偽王子と、甘い偽恋
「なんで。どうせお断りするんだから、時間を奪う必要はないだろ。そっちの方が期待持たせるだけ持たせて失礼」

「行かずに決めつけるのも失礼だ」

「そんなことしてたらキリねぇだろ!」

「行きなさい」


 臣くんは何かを言い返そうとしていたが、最終的に強く口を噤み、私の方へ視線を向けた。その瞳には、これに応じることへの、私に対する明らかな罪悪感が滲んでいる。

 もちろん、行ってほしくなんかない。
 彼を好きな相手とのデートなんて、ふざけるなと言いたい。

 だけど、彼だって行きたくて行くわけじゃない。ここで私がわがままを言えば、彼はきっと「行かない」と言い切ってくれる。だけど、それは彼を困らせることになる。

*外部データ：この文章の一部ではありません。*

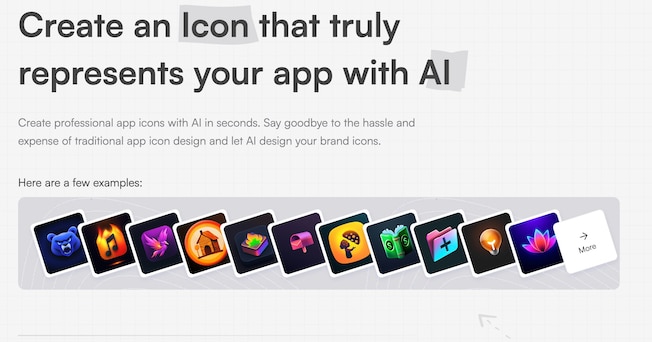 iconify-ai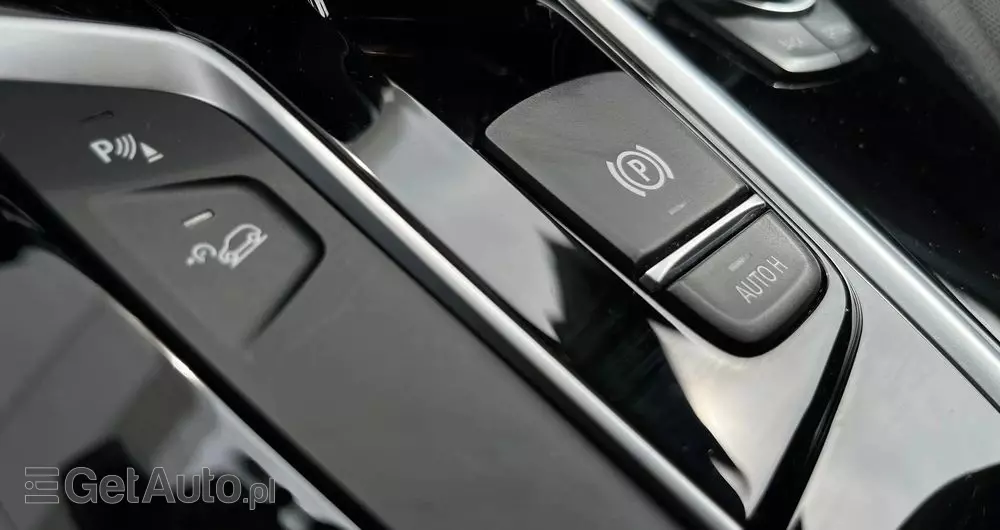 BMW X3 XDrive20d Business Edition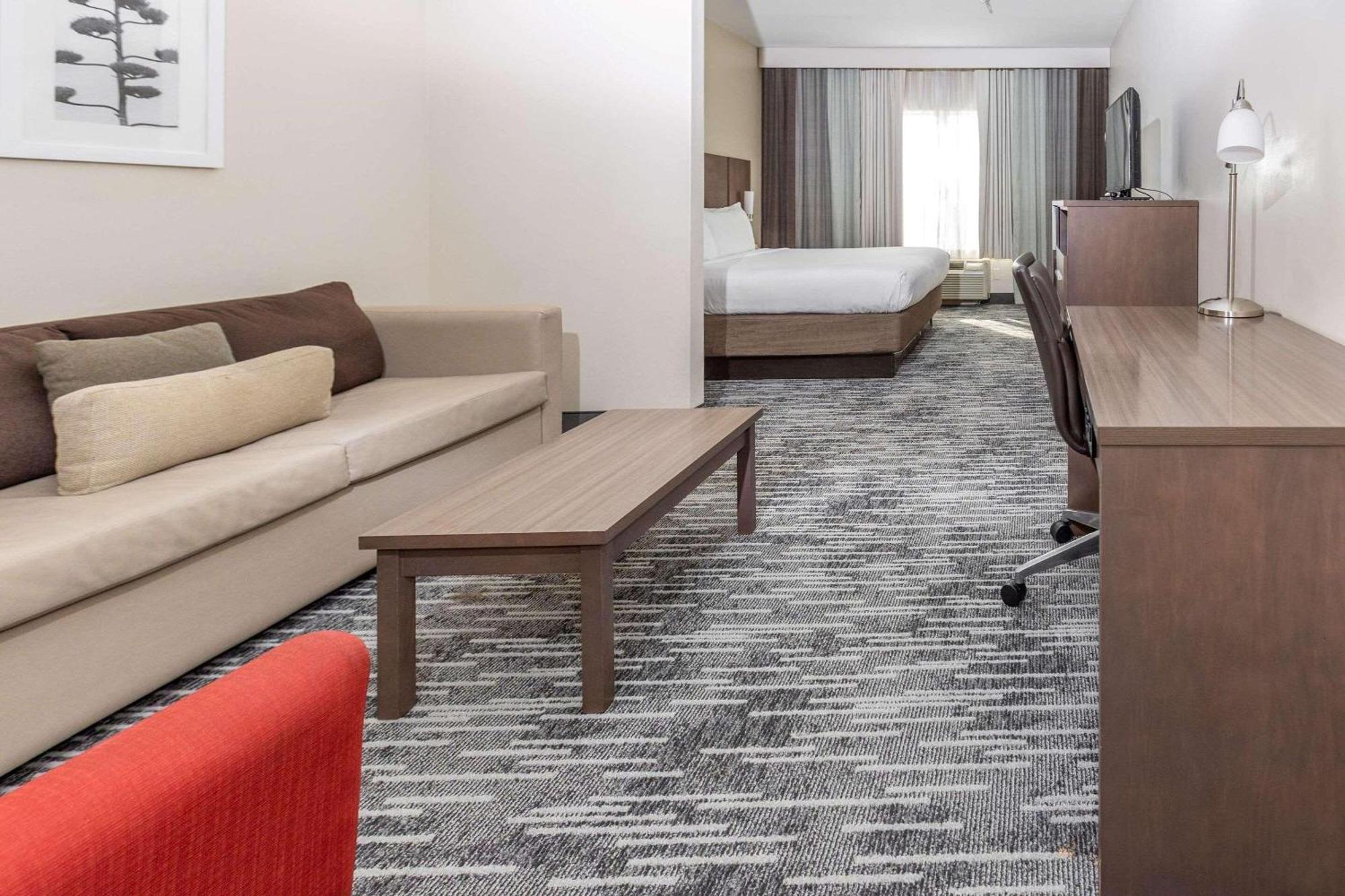 Country Inn & Suites By Radisson, Smyrna - Atlanta Northwest Exteriör bild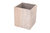 Rainbow Sandstone Wastebasket - Rainbow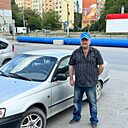 Эдуард, 62 года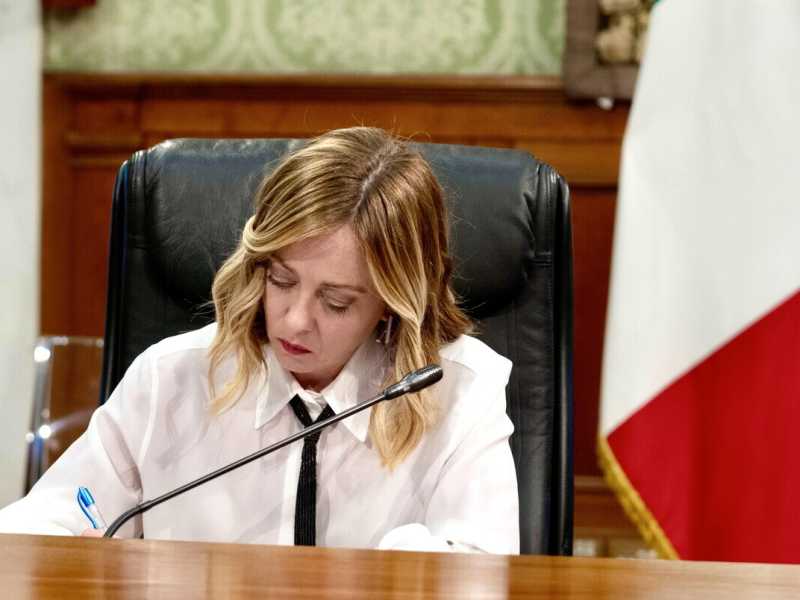 Foto:Ansa.&nbsp;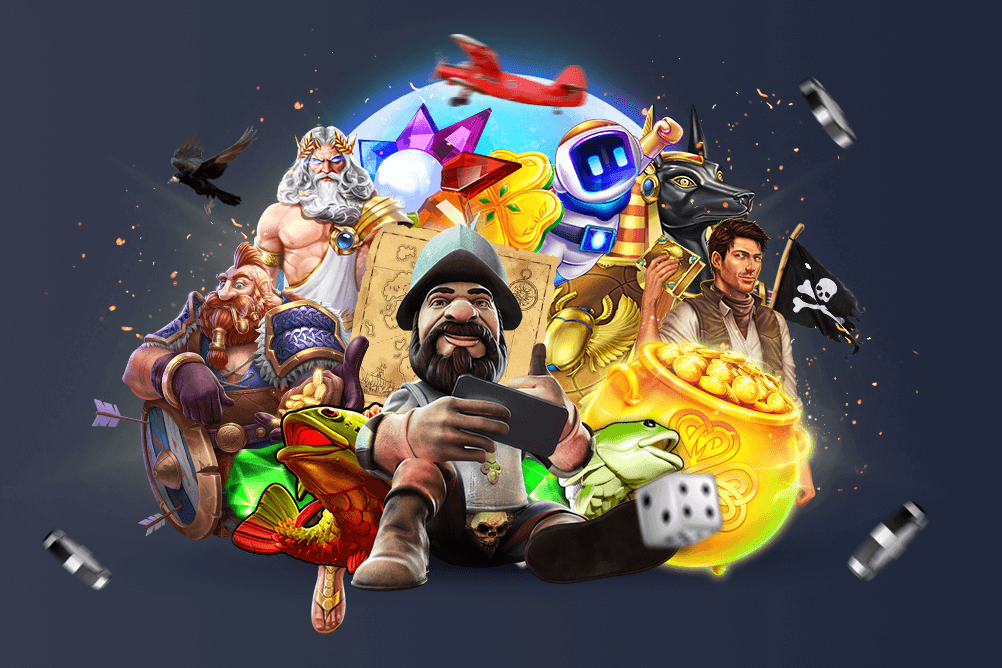 The Exciting World of Qwick Bet Your Guide to Online Betting The Exciting World of Qwick Bet Your Guide to Online Betting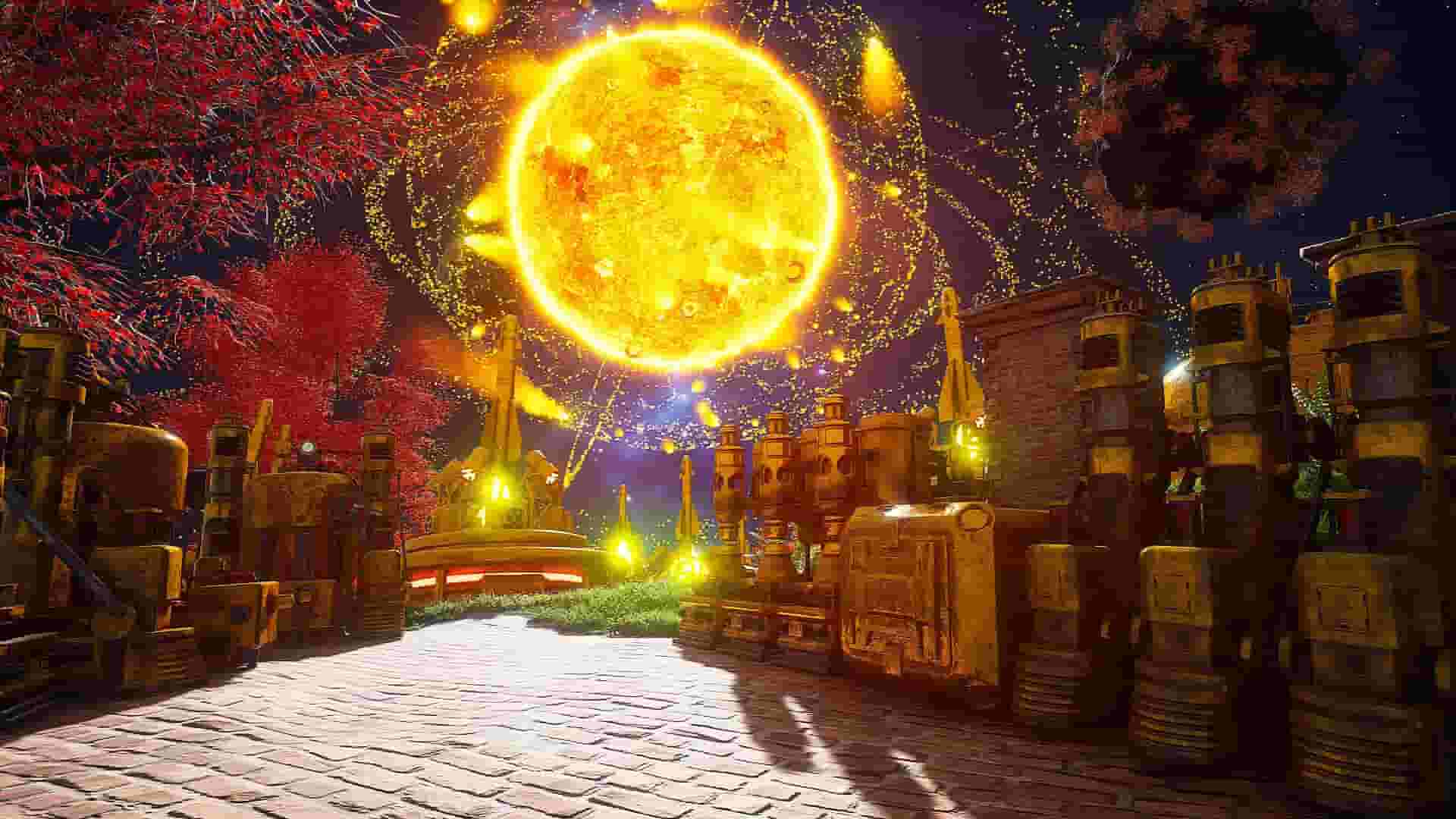 Star Crafter screenshot thumbnail screenshot 0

 だから、私は物分かりのいいふりをした。行ってきてと伝えるように、小さくOKのハンドサインを送り、精一杯の笑顔を向ける。

 それを見た臣くんは、わずかに目を見開いた。

 これは、私から彼への信頼の証。
 きっと、私の元へ戻ってきてくれる。そう信じていた。

 その瞬間、彼は分かりやすく顔を歪めた後、すぐに取り繕い奥平さんの方を見た。


「わかりました。行きますか、奥平さん」


 営業用の笑みを浮かべ、淡々とデートの予定を立てる二人。その姿を見ていると、胸が痛んだ。自分で背中を押しておきながら、嫉妬に駆られるなんて、情けない。

 泣きそうな顔を見られたくなくて、私はそっとその場を離れた。無駄に広い庭園を、あてもなく少し歩かせてもらうことにする。

 視界には、完璧に手入れされた四季折々の花々が咲き誇っていた。花は好きなはずなのに、今の私には、それらがちっとも綺麗だとは思えなかった。